In public-design forums, I have observed how certain people deemed too disruptive are silenced, in the name of a flowing conversation, which ultimately leads to minimal changes taking place. I have observed how, when certain issues are voiced – such as the Muslim communities’ trauma or fatigue around media probing, or an individual’s scepticism that the solution-building process isn’t permitting certain voices – the agenda is quickly rushed on. This is often not done out of a malicious intent, but rather due to the fact that no one in the room leading these forums are equipped to deal with the deep complexity of race. One of the difficulties is there is little concept of ‘expertise’ regarding race. Race and multiculturalism are issues on which everyone has an opinion and discussion can become a parade of slush-pile thoughts, keyboard warriors and a lot of charged anger and violence. We are working in outcomes-based models, in which there can be a lack of real leadership in how to manage conversations that are informed by trauma.

This is why it’s important to have the heavyweight, white power structures of government and corporation designing and advocating for multiculturalism. When it comes from their perspective, it has the added benefit of appearing less emotive: it seems reasoned and it isn’t personal. But too often this means leaving people of colour out of decision-making.

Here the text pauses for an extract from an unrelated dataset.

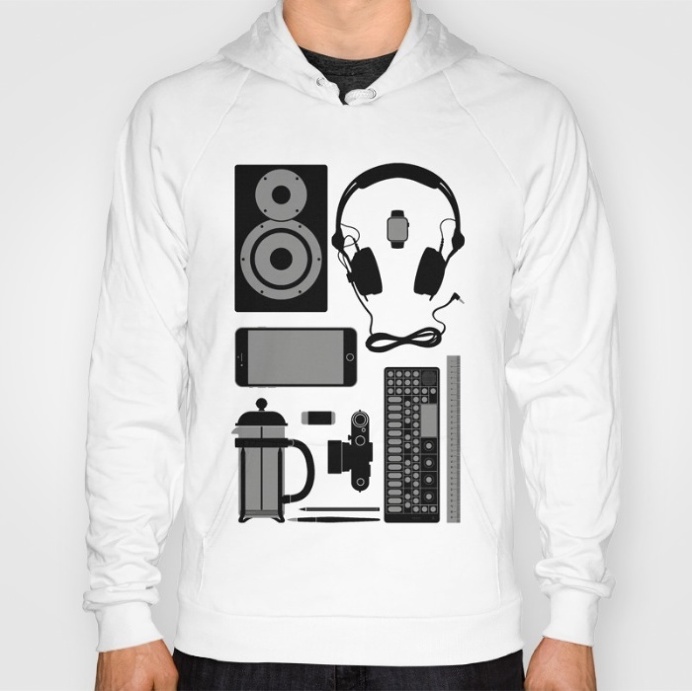 Objects Hoodie at Søciety6 #leica #vinylrecord #camera #speaker #headphones #op1 #frenchpress #applewatch #pencil #brush #rickardarvius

At the individual level, it should not always be up to the victim – in this case, the individual who may experience racism – to do the educating. But at the broader social level, it is important for people of colour to legitimately be able to draw from their experiences to veto existing frameworks for discussing race. In Why I’m No Longer Talking to White People About Race, Eddo-Lodge writes: ‘White feminism is a politics that expects people of colour to quietly assimilate into institutionally racist structures without kicking up a fuss. It’s a politics where people of colour are never setting the agenda. Instead, they are relegated to constantly reacting to things and frantically playing catch-up.’ The same applies to multicultural campaigns. It is important for people who experience the issue to be sitting at that table when agendas are made, to share their lived experience in order to inform broader discussion; too often they are pushed into reactive spaces, which leave them with no real power. Being brought into meetings to ‘consult’ or to share snippets of ‘cultural expertise’ is not genuine collaboration. Being asked which pre-formulated campaign is more culturally aware is tokenistic. Being placed in a leadership position where the only avenue for recourse is to once again nod and smile, for fear of being invited back, is not real collaboration.

AUSTRALIA’S FUTURE IS looking more culturally and linguistically diverse than ever. Almost half of Australia – around 49 per cent, according to 2016 census data – are either first- or second-generation migrants. Despite the smiling faces of migrants saying they are ‘so lucky’ and young people saying ‘we are all the same’, there is a growing resentment, fear and anger on the part of those who claim to safeguard ‘Australian values’. Australia currently has only one organisation that specifically addresses the reality of white supremacy in the country, All Together Now, a registered charity committed to anti-racism work. This is where the debate around multiculturalism needs to be opened up.

What if in our workplaces we began designing multicultural campaigns and stories that moved beyond a model that seeks to pacify those with an anti-immigration stance? What if we found a way to acknowledge the fear and anger coming from all sides and began the discussion from that starting point? What if we stopped hiding all the loaded questions behind smiling faces on posters and allowed space to ask, What are you so angry about? What are you so fearful of? And, What does power – and the fear of losing it – really mean? If those of us working in the field of cultural diversity aren’t given the time or psychological support to lead these unpopular conversations internally, and campaign designs are not open to new ways to explore the hurt, the conflict and the ugly, then how can we expect it to happen?